[Assigned task]
What is needed is every line of the data that includes the word "Bitcoin". Please copy each one.
Information shown below:
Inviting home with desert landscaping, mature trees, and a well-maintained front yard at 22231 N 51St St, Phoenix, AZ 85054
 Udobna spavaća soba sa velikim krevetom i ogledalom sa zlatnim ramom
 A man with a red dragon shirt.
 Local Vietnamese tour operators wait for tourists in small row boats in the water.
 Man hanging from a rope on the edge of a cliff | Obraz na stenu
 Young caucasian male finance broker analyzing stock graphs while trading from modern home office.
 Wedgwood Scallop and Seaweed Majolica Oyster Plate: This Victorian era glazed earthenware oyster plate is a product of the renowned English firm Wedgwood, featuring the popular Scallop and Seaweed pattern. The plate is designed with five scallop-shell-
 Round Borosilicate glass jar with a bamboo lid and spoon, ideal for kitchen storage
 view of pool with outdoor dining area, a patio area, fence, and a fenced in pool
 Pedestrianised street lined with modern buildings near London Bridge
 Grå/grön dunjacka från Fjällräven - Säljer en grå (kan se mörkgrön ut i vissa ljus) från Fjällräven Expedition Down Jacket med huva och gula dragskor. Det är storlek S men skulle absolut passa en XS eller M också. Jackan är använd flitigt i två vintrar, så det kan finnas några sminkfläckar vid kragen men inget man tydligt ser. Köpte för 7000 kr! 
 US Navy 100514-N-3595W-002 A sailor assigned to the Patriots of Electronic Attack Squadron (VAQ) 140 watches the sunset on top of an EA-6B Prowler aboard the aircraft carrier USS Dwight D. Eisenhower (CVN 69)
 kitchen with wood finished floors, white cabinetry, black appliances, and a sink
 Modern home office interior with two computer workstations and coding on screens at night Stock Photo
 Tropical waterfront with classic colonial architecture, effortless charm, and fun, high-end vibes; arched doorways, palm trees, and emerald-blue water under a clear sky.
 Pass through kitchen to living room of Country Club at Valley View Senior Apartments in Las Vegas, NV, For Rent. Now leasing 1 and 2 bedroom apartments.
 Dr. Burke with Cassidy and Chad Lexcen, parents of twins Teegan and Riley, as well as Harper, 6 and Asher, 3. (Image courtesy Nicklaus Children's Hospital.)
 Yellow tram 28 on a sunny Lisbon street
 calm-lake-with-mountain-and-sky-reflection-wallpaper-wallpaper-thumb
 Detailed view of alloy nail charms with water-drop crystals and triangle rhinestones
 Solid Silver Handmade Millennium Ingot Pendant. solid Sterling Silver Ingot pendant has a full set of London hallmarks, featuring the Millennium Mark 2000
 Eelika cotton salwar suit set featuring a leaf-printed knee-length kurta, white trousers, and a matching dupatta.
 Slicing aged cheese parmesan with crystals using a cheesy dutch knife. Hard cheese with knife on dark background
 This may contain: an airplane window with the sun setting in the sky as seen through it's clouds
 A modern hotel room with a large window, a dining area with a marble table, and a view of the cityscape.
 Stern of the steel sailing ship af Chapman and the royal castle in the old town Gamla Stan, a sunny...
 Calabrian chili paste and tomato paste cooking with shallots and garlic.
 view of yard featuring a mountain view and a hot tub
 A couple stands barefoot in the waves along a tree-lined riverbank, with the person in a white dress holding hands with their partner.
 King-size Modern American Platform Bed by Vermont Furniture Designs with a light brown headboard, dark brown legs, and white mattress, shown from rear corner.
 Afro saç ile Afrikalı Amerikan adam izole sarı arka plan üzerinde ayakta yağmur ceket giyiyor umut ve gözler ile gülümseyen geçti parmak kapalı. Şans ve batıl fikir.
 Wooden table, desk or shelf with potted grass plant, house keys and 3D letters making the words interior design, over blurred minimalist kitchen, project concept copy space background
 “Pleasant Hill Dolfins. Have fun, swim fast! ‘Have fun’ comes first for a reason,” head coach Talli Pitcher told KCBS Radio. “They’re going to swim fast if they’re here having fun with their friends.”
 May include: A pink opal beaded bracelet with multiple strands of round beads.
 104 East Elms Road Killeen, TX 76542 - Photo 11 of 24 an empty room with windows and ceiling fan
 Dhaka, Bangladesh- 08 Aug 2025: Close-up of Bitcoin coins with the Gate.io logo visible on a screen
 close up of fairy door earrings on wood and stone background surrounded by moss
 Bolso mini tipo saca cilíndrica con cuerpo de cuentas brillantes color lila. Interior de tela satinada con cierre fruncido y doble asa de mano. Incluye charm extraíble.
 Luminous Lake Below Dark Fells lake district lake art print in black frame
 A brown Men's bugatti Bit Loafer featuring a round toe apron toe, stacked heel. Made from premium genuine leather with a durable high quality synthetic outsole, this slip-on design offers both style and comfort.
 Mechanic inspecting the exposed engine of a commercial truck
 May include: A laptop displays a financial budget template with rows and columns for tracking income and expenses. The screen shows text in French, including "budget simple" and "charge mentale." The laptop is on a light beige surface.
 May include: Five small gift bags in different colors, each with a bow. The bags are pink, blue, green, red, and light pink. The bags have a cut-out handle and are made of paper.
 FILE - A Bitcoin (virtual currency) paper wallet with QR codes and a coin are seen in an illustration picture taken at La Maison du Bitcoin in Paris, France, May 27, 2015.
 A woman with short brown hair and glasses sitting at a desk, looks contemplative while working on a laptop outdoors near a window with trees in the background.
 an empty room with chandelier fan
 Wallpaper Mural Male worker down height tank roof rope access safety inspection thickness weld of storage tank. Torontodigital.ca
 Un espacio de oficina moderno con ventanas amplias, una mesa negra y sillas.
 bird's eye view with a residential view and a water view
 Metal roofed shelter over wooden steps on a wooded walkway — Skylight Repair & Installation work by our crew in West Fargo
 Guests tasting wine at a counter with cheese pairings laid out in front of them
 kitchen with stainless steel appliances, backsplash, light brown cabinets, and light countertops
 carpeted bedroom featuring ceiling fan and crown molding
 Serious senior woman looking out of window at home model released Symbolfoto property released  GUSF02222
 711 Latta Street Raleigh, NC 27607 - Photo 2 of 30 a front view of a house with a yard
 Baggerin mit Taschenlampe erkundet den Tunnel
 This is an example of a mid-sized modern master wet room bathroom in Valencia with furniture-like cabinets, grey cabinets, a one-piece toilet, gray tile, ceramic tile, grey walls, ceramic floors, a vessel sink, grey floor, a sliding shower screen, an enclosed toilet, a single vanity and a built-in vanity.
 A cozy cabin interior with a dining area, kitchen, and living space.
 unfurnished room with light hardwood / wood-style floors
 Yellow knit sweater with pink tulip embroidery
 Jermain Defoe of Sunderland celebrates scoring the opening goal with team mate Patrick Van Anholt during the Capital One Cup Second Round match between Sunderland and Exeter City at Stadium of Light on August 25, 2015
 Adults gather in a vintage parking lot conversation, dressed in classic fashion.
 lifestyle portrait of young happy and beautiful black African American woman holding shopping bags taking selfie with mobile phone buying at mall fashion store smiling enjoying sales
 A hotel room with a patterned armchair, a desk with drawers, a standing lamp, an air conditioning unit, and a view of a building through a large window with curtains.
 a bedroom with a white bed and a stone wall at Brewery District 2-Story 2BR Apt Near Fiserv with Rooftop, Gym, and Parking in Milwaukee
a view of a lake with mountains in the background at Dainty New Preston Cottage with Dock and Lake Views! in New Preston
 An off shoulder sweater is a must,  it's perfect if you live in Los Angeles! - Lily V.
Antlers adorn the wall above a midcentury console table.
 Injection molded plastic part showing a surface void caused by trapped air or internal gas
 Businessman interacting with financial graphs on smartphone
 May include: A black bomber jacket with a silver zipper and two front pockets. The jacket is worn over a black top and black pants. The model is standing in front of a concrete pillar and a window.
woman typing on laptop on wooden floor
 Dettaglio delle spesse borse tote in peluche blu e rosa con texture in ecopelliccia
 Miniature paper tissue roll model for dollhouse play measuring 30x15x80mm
End of Information shown.
[Result of this task]
 Dhaka, Bangladesh- 08 Aug 2025: Close-up of Bitcoin coins with the Gate.io logo visible on a screen
 FILE - A Bitcoin (virtual currency) paper wallet with QR codes and a coin are seen in an illustration picture taken at La Maison du Bitcoin in Paris, France, May 27, 2015.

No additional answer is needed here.